The facts on Instagram’s growth are staggering. When the network was bought by Facebook in 2012 – two years after launch – it had 30 million users but there was no advertising on it. Today there are said to be 1 billion monthly active users and 2 million monthly advertisers and the figures are rising. There are also 25 million brand accounts on the social network, as largely consumer-focused businesses have piggy-backed the network to influence and sell to customers. A staggering rise to fame by any measure.
However, fame traditionally comes with risk. Among the many storylines about celebrity hair and diets, Googling Instagram today brings up many less than complimentary messages. Firstly, the desperately sad case of 14-year old Molly Russell who committed suicide after following social media sites promoting self-harm, suicide and depression. Then beyond this, a huge outage, reports of trolling and abuse of celebrity users, stories of people who deleted their accounts in search of a better life (and profess to have found it).

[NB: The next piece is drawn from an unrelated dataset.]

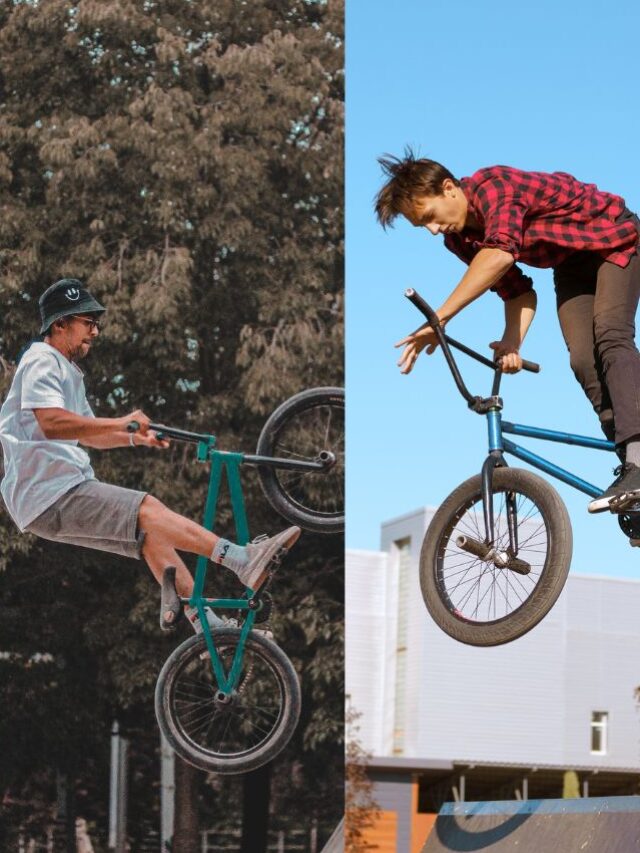 4 reglas básicas da
modalidade BMX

I’m not here to debate whether I think Instagram and similar social media apps are a good or bad thing. The point is, will they survive exposure to so much negativity in a way other types of brand typically have not?
Instagram is what I term a Platform Brand. It’s a vehicle for other people and brands to use – at the moment pretty much however they want. This creates a different type of loyalty perhaps not seen by traditional brands. Its users and customers reside within it. It’s woven into their lives in a way not seen historically. While it’s tagged as ‘social’ I am sure for many it is anti-social – something they interact and indulge in privately, rather like any other addiction they do not really want to share. Perhaps this means, like an addiction, it’s harder to unravel and detach yourself from when things go wrong?
Clearly much of the current backlash against Instagram is the alleged lack of control over negative and harmful content. Some say the network promotes the wrong type of content based on people’s searches and preferences. For example, someone searching self-harm should not be fed pictures of people demonstrating it, rather, directed to organisations and people who can help them avoid it. Perhaps the moral dial needs adjusting, but we can’t escape that the attractiveness of a platform brand like this is that it allows us to see, think, do or be whatever we (think we) want to be – at least to the outside world. Is society now the one steering the brand? Will only societal change determine its future?
With that in mind, does this mean that the old adage “the higher they rise the harder they fall” no longer applies to platform brands like Instagram? In contrast, their strength is only buoyed by controversy. Facebook may be seeing a decline in users but largely because of generational preferences and the rise of its sister company among younger people. Or, will the corporate world decide their fate? Whilst ‘social’ these brands are of course driven increasingly by advertising revenues. Invested brands could get jittery about their involvement and jump ship, triggering financially led decline.
What do you think? Are platform brands protected from decline by higher level of ownership and loyalty among their customers? Or are they in just as much peril and traditional brands that have disappeared off the face of the earth?